# Data
========
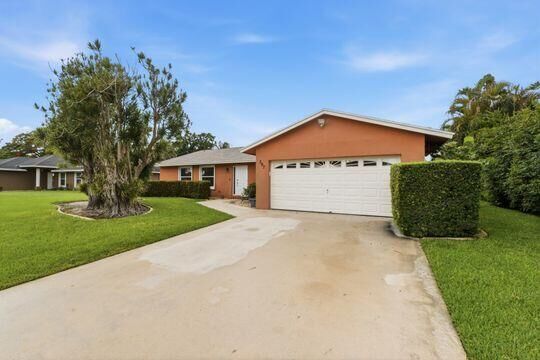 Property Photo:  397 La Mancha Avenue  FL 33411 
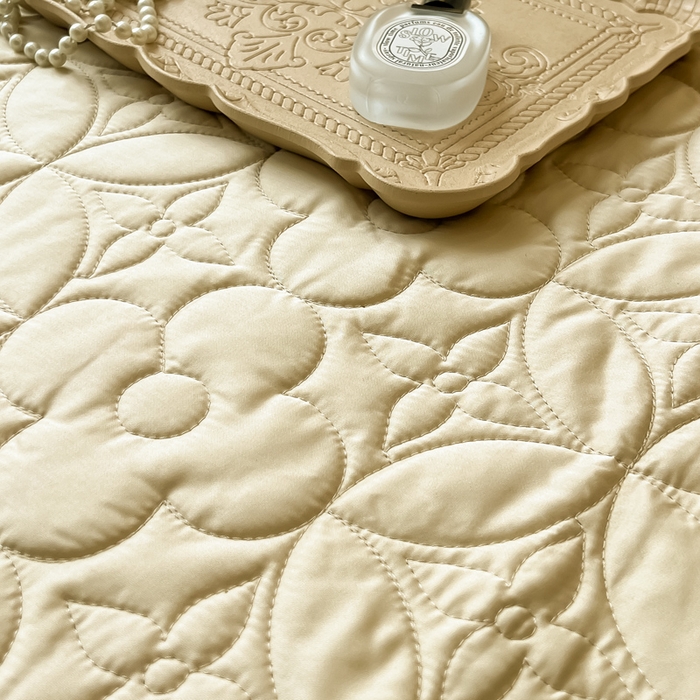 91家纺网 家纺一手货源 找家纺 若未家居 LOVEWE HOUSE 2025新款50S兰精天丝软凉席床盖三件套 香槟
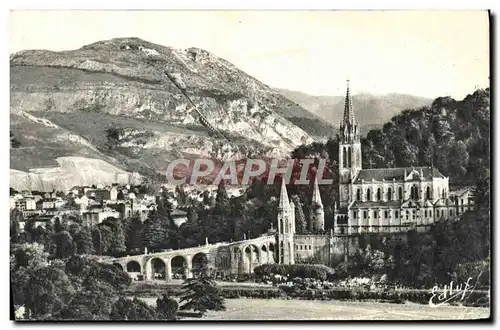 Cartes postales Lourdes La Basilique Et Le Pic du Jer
========
# Task objective
Give every line of the data above again as it stands; the pictures stay out.

# Problem solution
 Property Photo:  397 La Mancha Avenue  FL 33411 
 91家纺网 家纺一手货源 找家纺 若未家居 LOVEWE HOUSE 2025新款50S兰精天丝软凉席床盖三件套 香槟
 Cartes postales Lourdes La Basilique Et Le Pic du Jer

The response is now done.